This CLOSE reading passage comes from our history book. It is a one page extra story that helps to set up our new chapter. The passage is more difficult for some of my readers, but for the most part the class will have to make inferences in order to understand it fully.
I ask them to turn to the story in the book, and hand out two sticky notes to each student. While I do this I ask if anyone can tell me some of the steps we follow when we read a CLOSE reading passage. My students remember the annotations, the writing response, and answering questions. Which puts a smile on my face because they are becoming more and more confident in the process.
The stickies, I explain, are going to be where they write their annotations and any notes they need to make while reading. As they read, I will hand out a lined piece of paper for them to write their responses on.
I borrow a student's book, and model how I would like them to place their sticky notes. That if I place them next to the passage they fit perfectly along the whole length of it. On the white board, I write some of the different annotations we have been using. I write the marks like ?, ! and the circling of unknown words. I also remind them to use initials like V for Visualize, P for Predict, and C for Connect.
Before they begin, I remind them to read and annotate, but when they finish to write a response to what they initially have read. I know give them time to read and annotate. I walk around an check student's annotations. Some are writing many notes and others are sticky primarily to the punctuation annotations.
When they finish and appear to have a response written, I ask them to now listen as I read. I read the passage once straight through. I then go back and reread it and model annotating as I do.
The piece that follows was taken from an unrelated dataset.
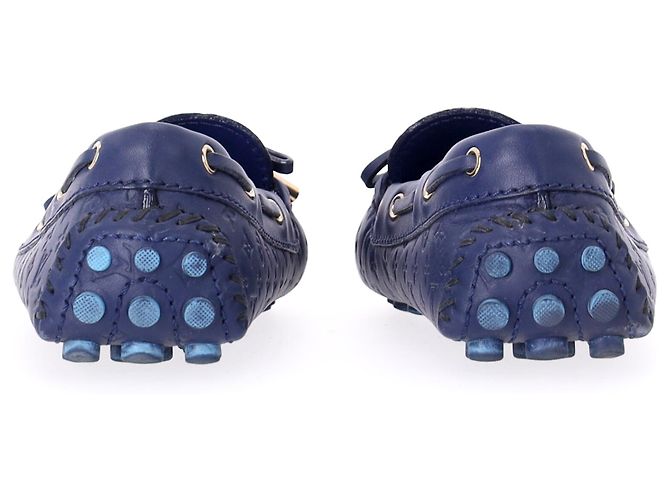 Mocassini piatti Gloria di Louis Vuitton in pelle blu - vista 6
It is now time for the text embedded questions. I ask my class questions that require them to connect back to Columbus, and to the chapter we just completed. I ask them to connect what is similar about what we just read and Columbus. To push their thinking I ask them to find where in the text it says that only two men stepped forward. Why did only two me step forward? I then ask them to try to figure out what the rest of the people might have been thinking. This creates a good discussion and spurs their inferencing skills.